> [Task details] Everything in the records below from the line containing "Mercedes-Benz B 250 Gebrauchtwagen" through the line containing "Suite Natan UFC - Eilat - 1" is to be reproduced exactly, those two lines included; no picture is to be copied.

> [Given records]
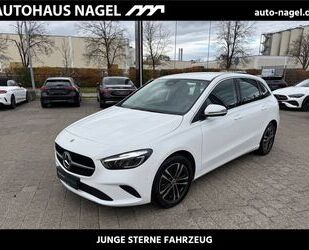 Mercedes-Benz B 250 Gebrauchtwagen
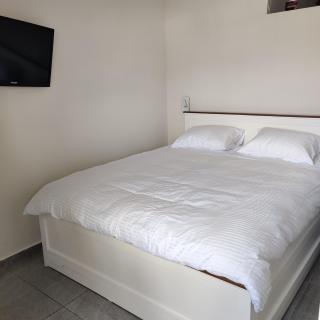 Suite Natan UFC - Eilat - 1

...

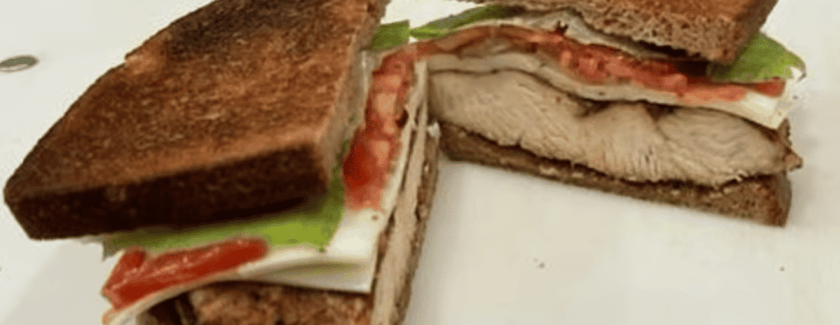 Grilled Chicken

> [Result of this task]
 Mercedes-Benz B 250 Gebrauchtwagen
 Suite Natan UFC - Eilat - 1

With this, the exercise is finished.